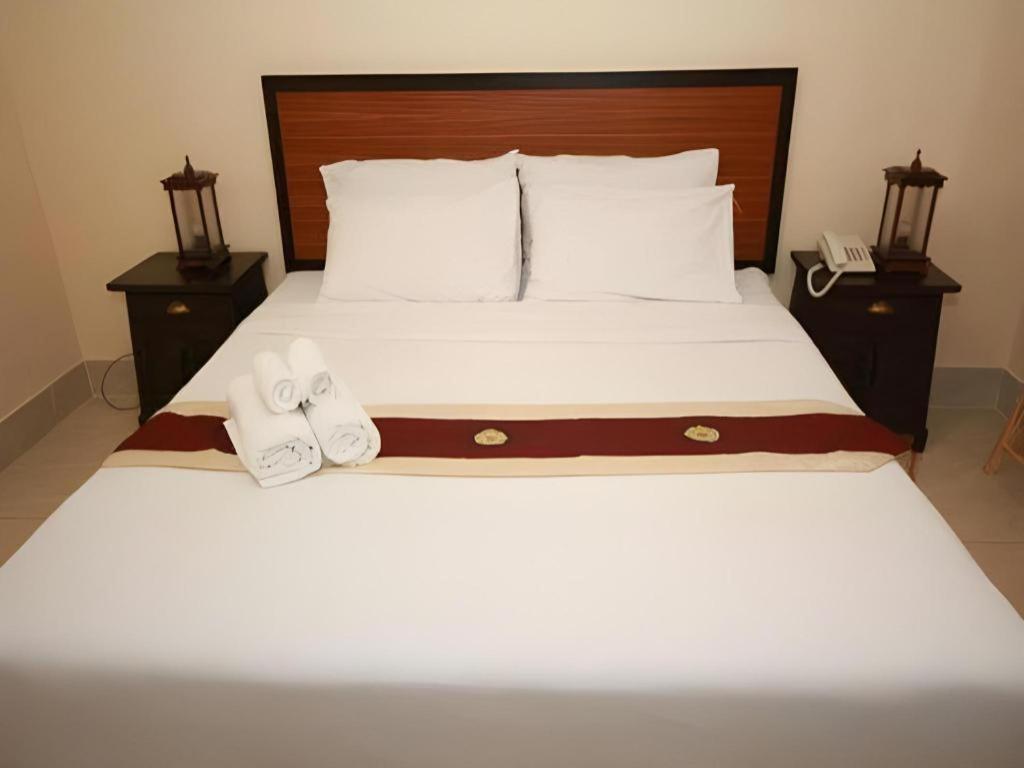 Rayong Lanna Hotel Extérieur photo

...

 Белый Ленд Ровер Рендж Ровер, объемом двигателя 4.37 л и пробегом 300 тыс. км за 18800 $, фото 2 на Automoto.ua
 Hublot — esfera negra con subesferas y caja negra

---

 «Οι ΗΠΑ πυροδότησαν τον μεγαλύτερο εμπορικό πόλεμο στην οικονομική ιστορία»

Task instructions> Using the entries above, give again exactly the lines from the line holding "Белый Ленд Ровер" through the line holding "Hublot — esfera". Include both end lines and nothing else.

Output>
 Белый Ленд Ровер Рендж Ровер, объемом двигателя 4.37 л и пробегом 300 тыс. км за 18800 $, фото 2 на Automoto.ua
 Hublot — esfera negra con subesferas y caja negra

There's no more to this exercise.